2. The Duke of Westminster and the Grosvenor family, £9.964bn
The 7th Duke inherited his title on the death of his father two years ago - and with it oversight of 300 acres of Belgravia and Mayfair. He and his family also own land and property in Oxford, Cheshire, Scotland and Spain. Other assets include nearly 165,000 acres of rural land, a dairy farm and the UK’s largest bull stud operation.
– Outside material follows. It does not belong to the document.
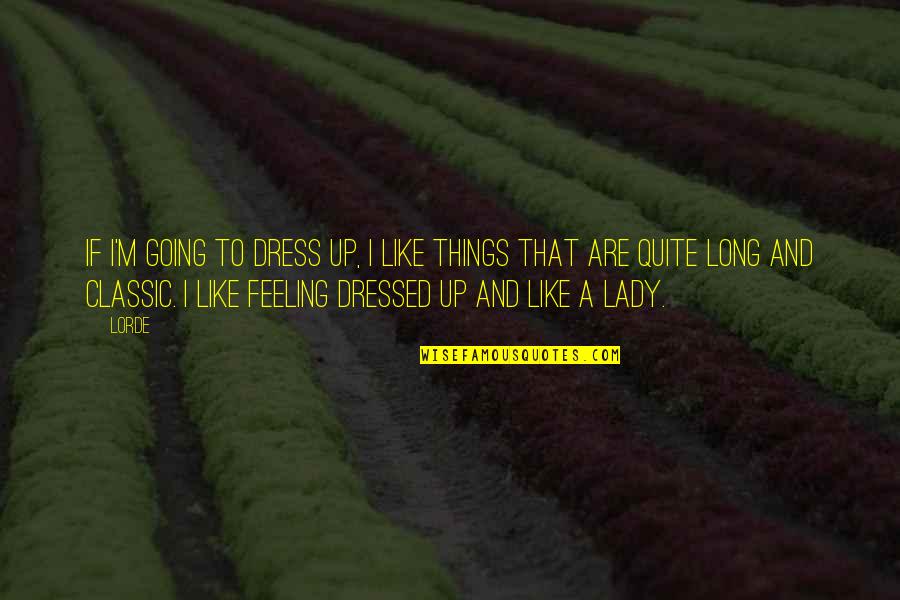 I'm A Lady Like That Quotes By Lorde: If I'm going to dress up, I like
3. Sir David and Sir Frederick Barclay, £7.4bn
Best known for owning London’s exclusive Ritz Hotel and the Telegraph newspaper, the Channel Island-based twins also own the massive retail operation Shop Direct. The Barclays made more than £2bn from the sale of the Maybourne Group of hotels - which included the world famous Claridge’s. They live in a gothic castle on the Channel Island of Brecqhou.
4. Earl Cadogan and family, £6.7bn
The Cadogan family have owned nearly 100 acres of Chelsea and Kensington for 300 years. Almost 50% of the £6bn portfolio is retail space, mostly around the chichi shopping destinations of Sloane Square and the King’s Road. The rental income at the family’s main business grew by 10% to £142.7m in 2016.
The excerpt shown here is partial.